Si en noviembre "el principal conductor ha continuado siendo el sentimiento vacilante del mercado sobre el curso de la saga de la deuda del euro", los altibajos entre noticias esperanzadoras y "duchas frías" al respecto han sido también determinantes esta semana para el valor del crudo.

Pero se ve una creciente incidencia de los conflictos geopolíticos, como el contencioso internacional por el polémico programa nuclear de Irán, la recuperación de las exportaciones de crudo de Libia o las sanciones contra Siria.

Así las cosas, esos factores han eclipsado de momento el papel de la incógnita sobre resultado de la reunión que la Organización de Países Exportadores de Petróleo (OPEP) celebra el próximo miércoles.

"A pesar de que la crisis de la zona del euro está en primer plano, la cuestión de si la UE impondrá más sanciones a Irán es más importante a corto plazo para los mercados del petróleo", dice KBC.
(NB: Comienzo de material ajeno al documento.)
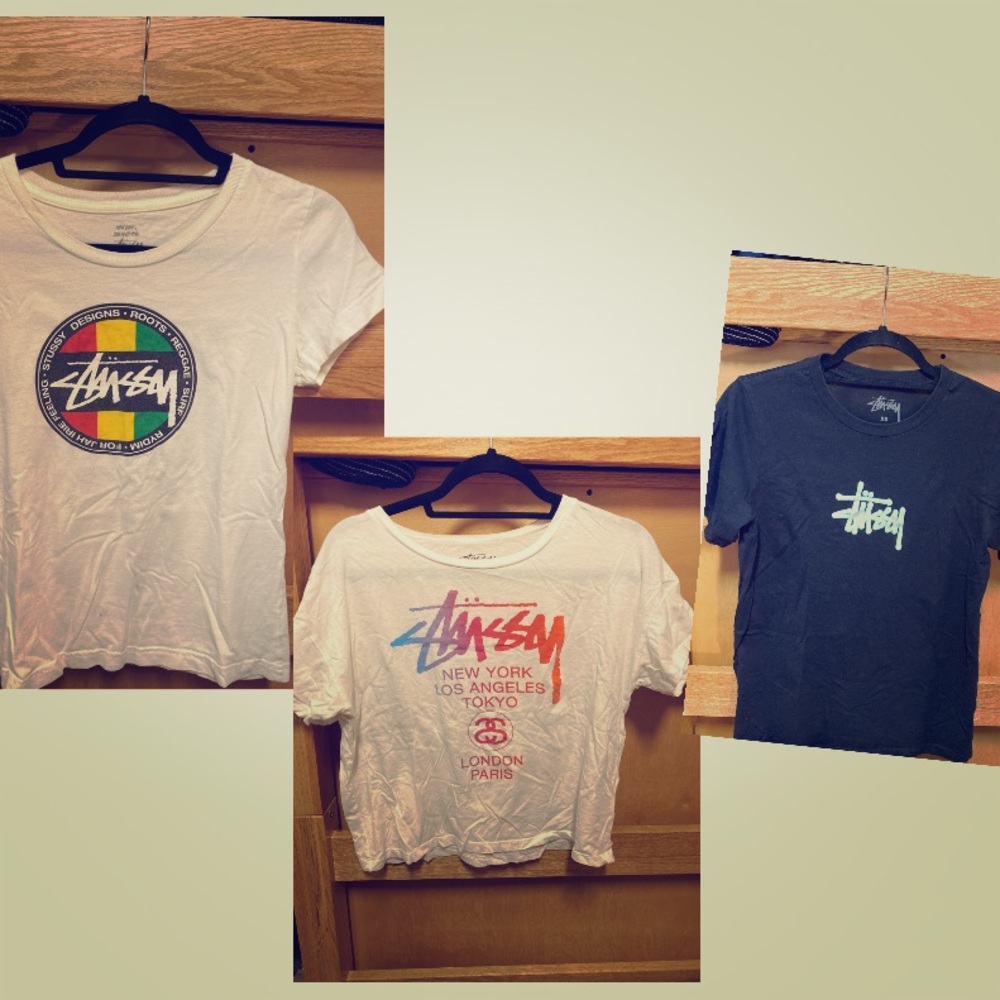 Women’s Stussy t-shirts.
Sus analistas estiman que, si bien la Unión Europea (UE) decidió ayer apoyar la imposición de nuevas sanciones a Teherán por las supuestas implicaciones militares de su programa nuclear, "aún no está en condiciones de embargar el crudo iraní, y parece que las fracturas políticas dificultarán el logro de un acuerdo".

"Para el resultado de la reunión de la OPEP el 14 de diciembre (en Viena), no esperamos ningún cambio oficial de la producción dada las enormes incertidumbres" que afectan al sector, tanto en el mercado físico como en los aspectos geopolíticos, destaca por su parte la consultora vienesa JBC.

La incógnita es si los doce países del grupo lograrán superar la profunda división que quedó patente en su anterior conferencia, que concluyó en junio en Viena sin un acuerdo sobre su oferta conjunta.

Pese a esa crisis interna en el seno de esta organización que controla cerca del 40 % de la producción mundial de crudo, ya está claro que los precios del "oro negro" cerrarán 2011 con un récord histórico en su promedio anual.

En el caso de la cotización del barril referencial de la OPEP, su media anual al 9 de diciembre se sitúa en 107,53 dólares, con lo que bate y supera en un 14 % el récord anterior (94,45 dólares en 2008), y el encarecimiento roza el 40 % respecto al promedio del año pasado (77,45 dólares).